◆ RECORDED DATA:
□ □ □ □
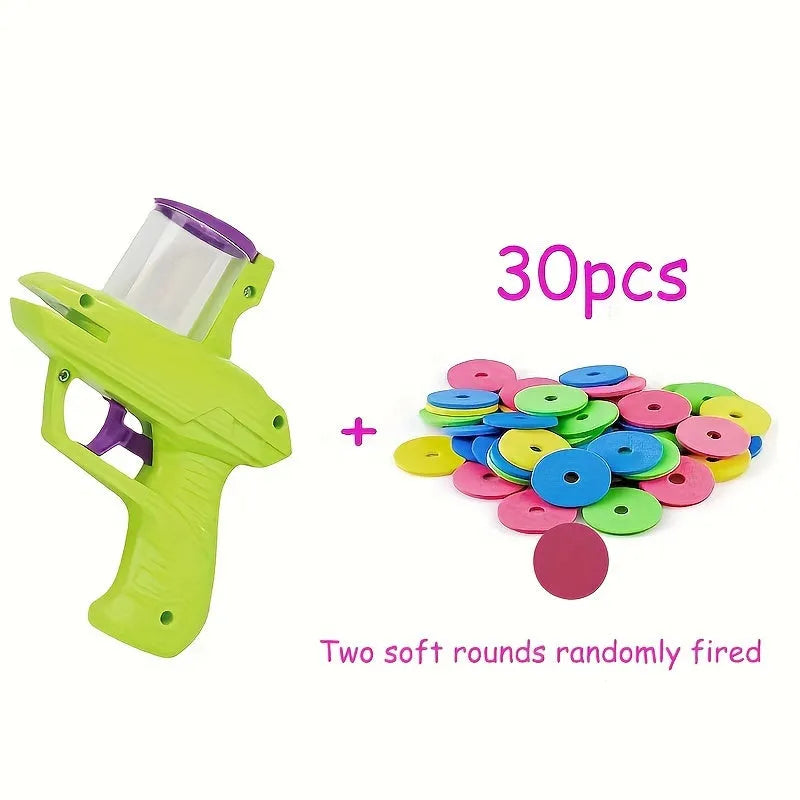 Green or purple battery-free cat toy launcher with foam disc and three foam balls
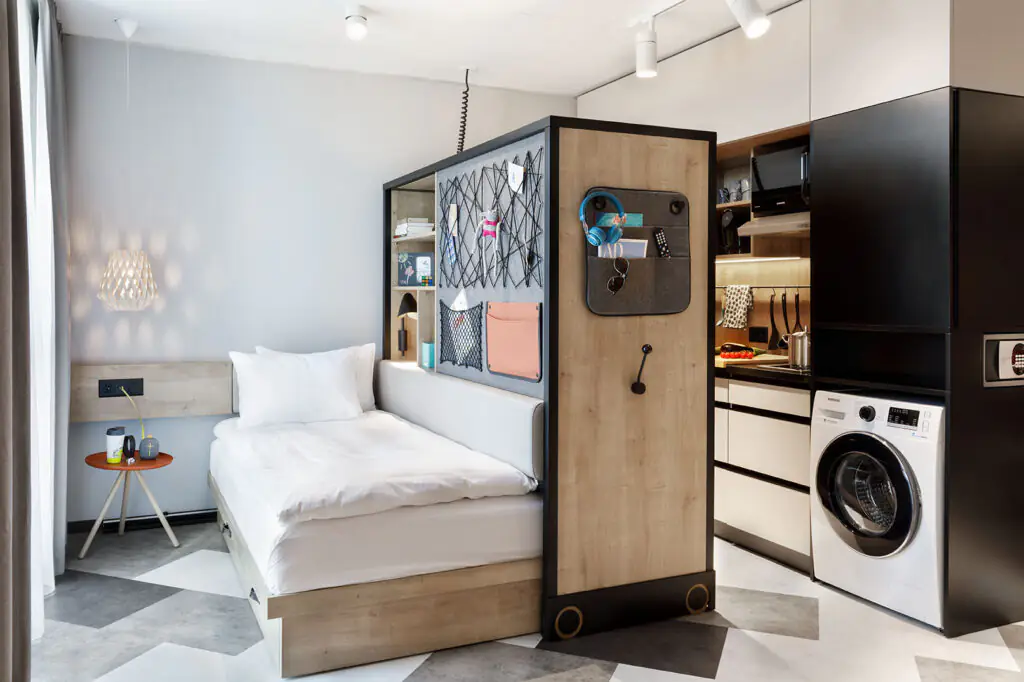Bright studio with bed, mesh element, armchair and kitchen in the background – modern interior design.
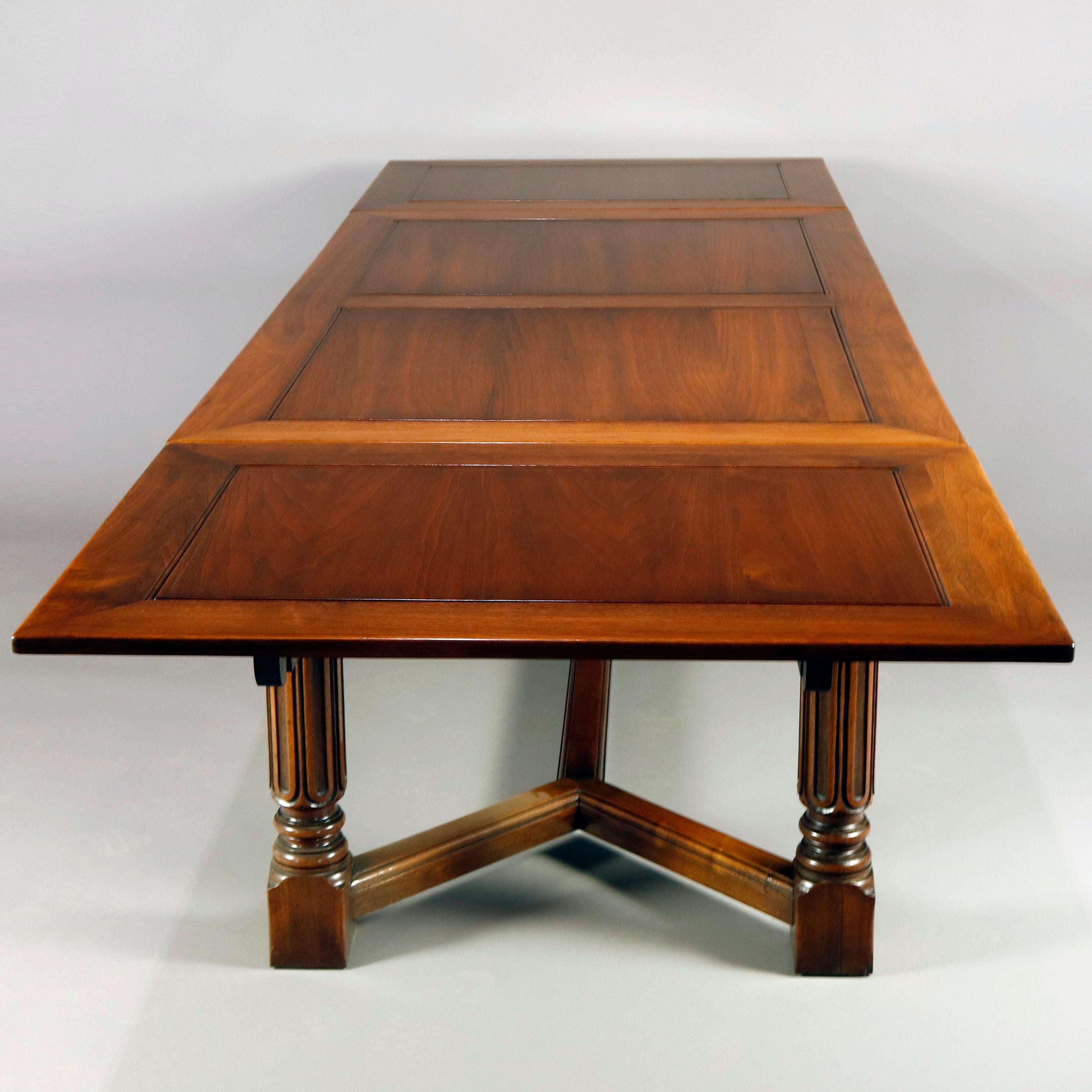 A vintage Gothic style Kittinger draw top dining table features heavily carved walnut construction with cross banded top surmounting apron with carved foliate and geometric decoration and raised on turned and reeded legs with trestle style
□ □ □ □
◆ DIRECTIONS: With the pictures removed, set down every line of the listing above exactly.

◆ EXERCISE RESPONSE:
 Green or purple battery-free cat toy launcher with foam disc and three foam balls
Bright studio with bed, mesh element, armchair and kitchen in the background – modern interior design.
 A vintage Gothic style Kittinger draw top dining table features heavily carved walnut construction with cross banded top surmounting apron with carved foliate and geometric decoration and raised on turned and reeded legs with trestle style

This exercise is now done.